Intro to Differential Equations

As the ball goes up, the equation of motion reads:

$\frac{dv}{dt} = -g-av$

Where $a = \frac{k}{m}$

Separating the variables and integrating, knowing that at $t=0$ , $v=v_1$ , gives:

$v = \frac{(g+av_1)e^{-at}-g}{a}$

When the ball reaches the maximum height, let us assume that a time $t_1$ has elapsed, and $v=0$ . Using this fact in the above solution yields:

$(g+av_1)e^{-at_1}=g$

Now $v = \frac{dx}{dt}$

Solving for $x(t)$ involves integrating the velocity:

$\int_{0}^{x}dx = \int_{0}^{t} v dt$

Gives:

$x = \frac{(g+av_1)(1-e^{-at})}{a^2}-\frac{gt}{a}$

Let us say that the maximum height is $h$ . The maximum height is reached at time $t_1$ . This gives:

$h = \frac{(g+av_1)(1-e^{-at_1})}{a^2}-\frac{gt_1}{a}$

Using the fact that $(g+av_1)e^{-at_1}=g$ in the equation above gives:

$h = \frac{v_1-gt_1}{a}$

Now, the motion is analysed as the ball moves downward.

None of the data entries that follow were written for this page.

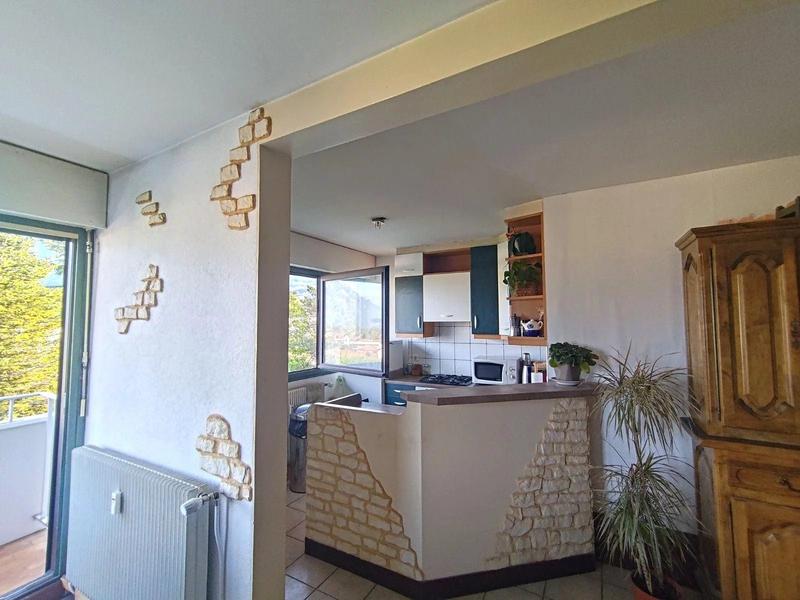 Appartement - 76 m² - 4 pièces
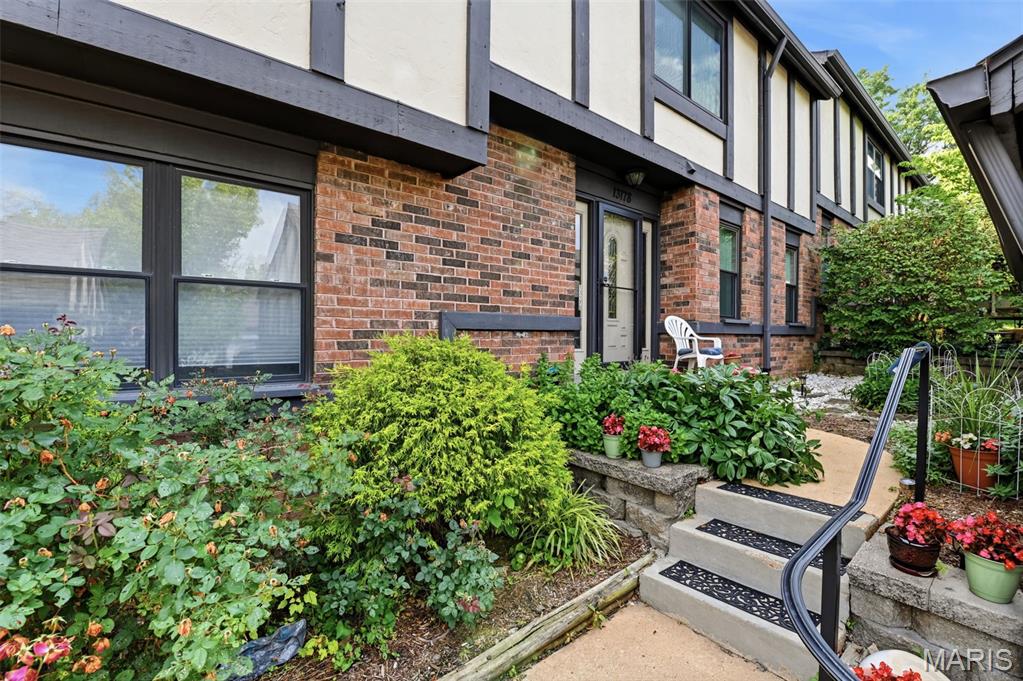 Photo 1 of 45 — 13178 Royal Pines Drive 3, Maryland Heights, MO 63146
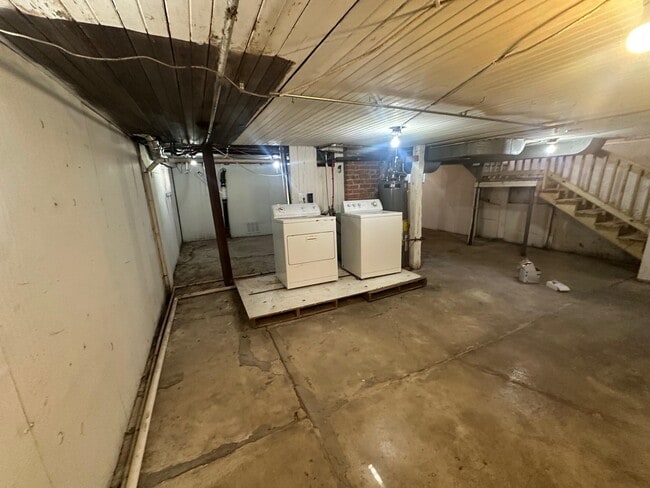 Building Photo - 21 Anderson Ave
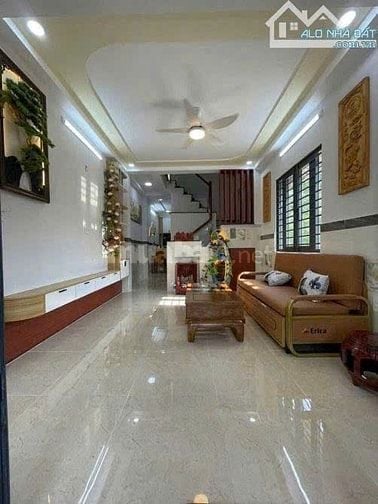 Bán nhà ngay Huỳnh Văn Bánh,Phú Nhuận.Giá: 2 tỷ 100tr/ 62m2,sổ riêng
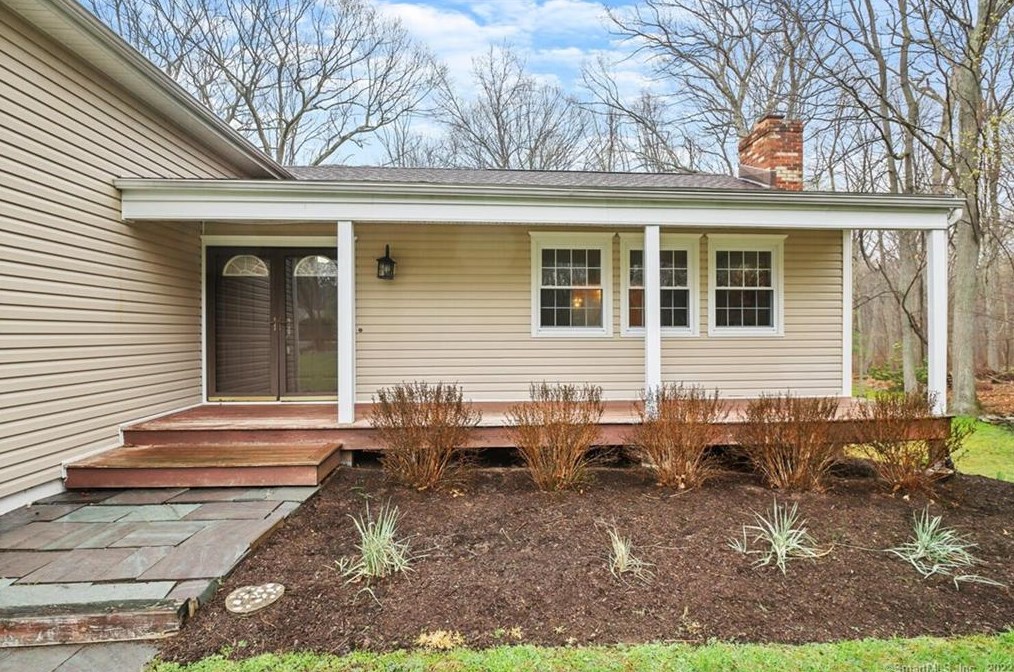 120 Roosevelt Forest Dr, Stratford, CT 06614-1119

The equation of motion reads:

$\frac{dv}{dt} = g-av$

When $t=0$ , then $v=0$ . Separating variables and integrating gives the solution:

$v = \frac{g}{a}\left(1-e^{-at}\right)$

The downward distance $x$ moved can be obtained by integrating the velocity again, giving

$x = \frac{g}{a}\left(t - \frac{(1-e^{-at})}{a}\right)$

The ball hits the ground at time $t_2$ and has moved a distance $h$ and acquires a downward speed of $v_2$ . Using all this gives us the relation for $h$ in the same manner as obtained for when the ball moves up. The equation is:

$h = \frac{-v_2+gt_2}{a}$

We already obtained:

$h = \frac{v_1-gt_1}{a}$

Subtracting these two equations and simplifying gives us the required answer:

$t_1 + t_2 = \frac{v_1 +v_2}{g}$

The solution has quite a few step jumps. The problem is manageable but it is a bit tedious.